# Paying for things for child-Alienation at play



## mrnice (Aug 11, 2009)

Ok, heres a curly one for you all. 

My ex has successfully alienated my son from me. 
I have not seen nor spoken to him for nearly 3 months. 

My son has been brainwashed enough to believe that I am a bad person and he has also told me he does not want to see me or speak to me anymore. 

I have no ill feelings towards my son at all, as I know this is not his fault. 

My issue is his mother still expects me to just hand over money whenever my son needs anything.

What do I do? 
I want to support my son emotionally and financially but I don't want him to think that even though he won't speak to me or see me then its not that easy just to expect that I will fork out money when they want it. 

What do I do?


----------



## tacoma (May 1, 2011)

Get a lawyer.

Why haven`t you seen your son in 3 months?

That`s unacceptable.


----------



## PBear (Nov 16, 2010)

How old is your son?

C
_Posted via Mobile Device_


----------



## mrnice (Aug 11, 2009)

tacoma said:


> Get a lawyer.
> 
> Why haven`t you seen your son in 3 months?
> 
> That`s unacceptable.


Ex is denying access.
I do have a lawyer.
Hearing is in December. 

They weren't going to have a hearing until MARCH, next year.
Yes that's right, she has denied access for nearly 3 months already and the court wasn't going to do anything until march next year.
The system is a joke. 
My son is 8 years old


----------



## tacoma (May 1, 2011)

mrnice said:


> Ex is denying access.
> I do have a lawyer.
> Hearing is in December.
> 
> ...


Yes, I know the system is a joke.

On what grounds is she denying access?


----------



## Freak On a Leash (Feb 19, 2010)

Unless you are a child molester or something in that vein it's disgusting when a parent who has custody of a child denies the other parent access to their child.  It's especially hard on the child. A child should have BOTH parents in his/her life if possible.


----------



## mrnice (Aug 11, 2009)

Freak On a Leash said:


> Unless you are a child molester or something in that vein it's disgusting when a parent who has custody of a child denies the other parent access to their child.  It's especially hard on the child. A child should have BOTH parents in his/her life if possible.
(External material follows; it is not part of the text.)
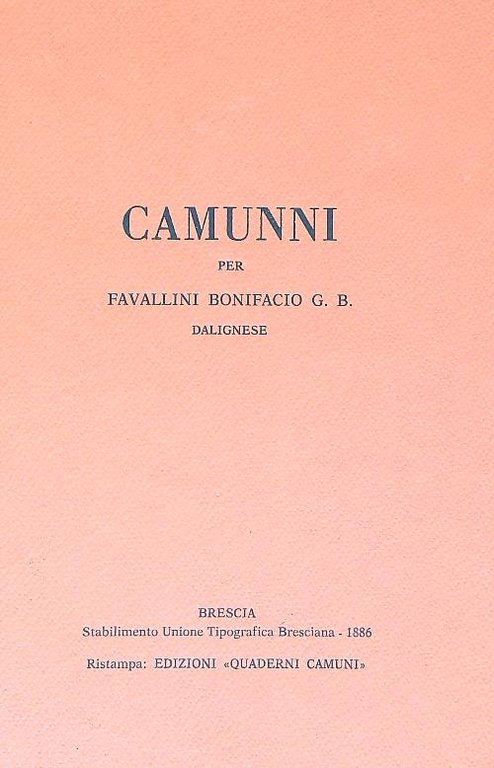 Camunni per favallini Bonifacio G. B. dalignese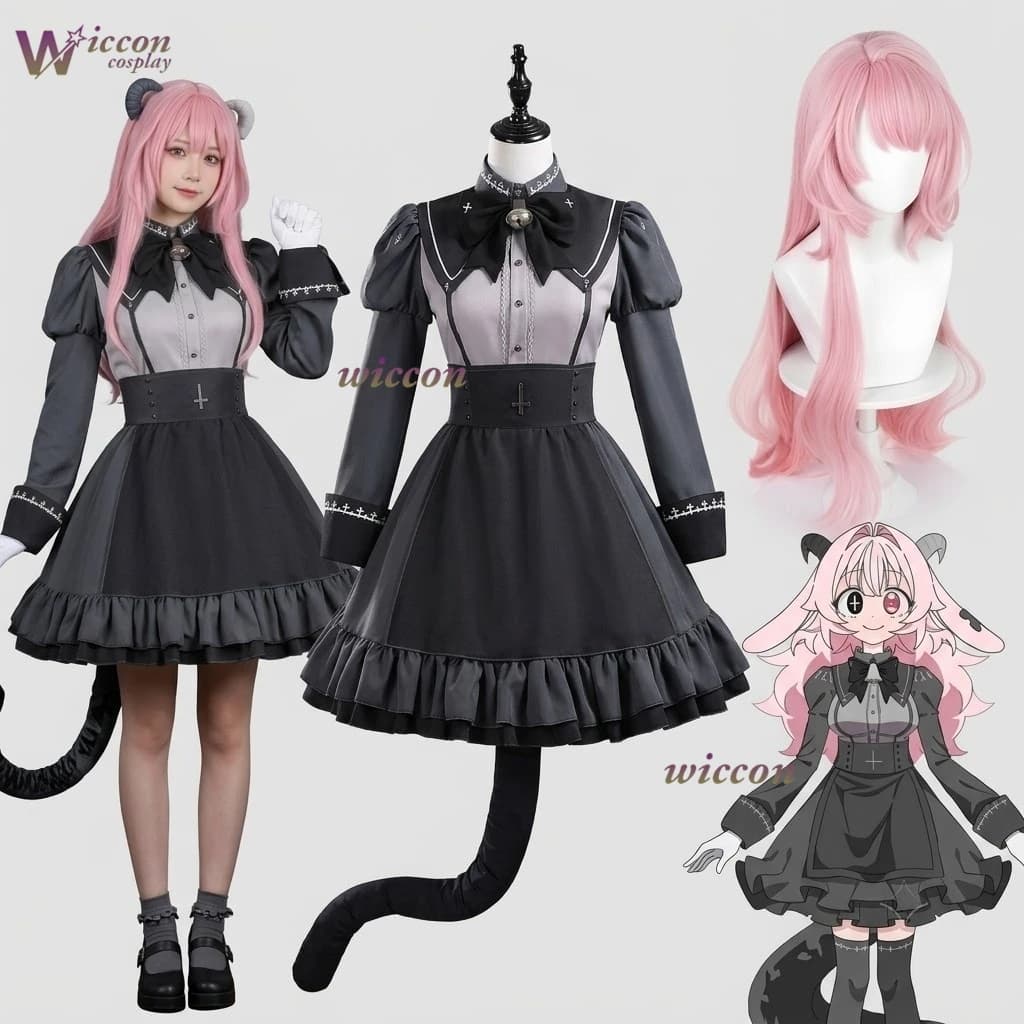 WonkaCos Pukey Goddess Shot Trick Devil Fan Xun Er Same Full Set Cosplay Costume Dimensional Steam Game Uniform Halloween Party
Especially hard on the child is an understatement.
Its a sure way to screw a child up for a good part of his/her life.

And no I have done nothing wrong, she does it out of pure spite and jealousy. 

Clearly this behaviour should be classed as Child Abuse and it should be recognised as a mental disorder.


----------



## Freak On a Leash (Feb 19, 2010)

I agree. It's horrible to deny an 8 year old boy access to his father!

In the past year, my husband has been a complete jerk, not to just me but to my kids as well. . My daughter wants little to nothing to do with him but my son is still attached to him (although less so then he used to be). I never denied my H access to him. In fact, I would drive my son over to his house to visit on weekends and he spent a good part of the summer at his father's house. 

A few weekends ago my son had his 14th birthday. Not only was my husband included in the celebration but I paid for his dinner when we all went out together to my son's favorite restaurant. For the same reason my H will be celebrating the holidays with us...because I feel it's important that he do so, both for him and for our son. 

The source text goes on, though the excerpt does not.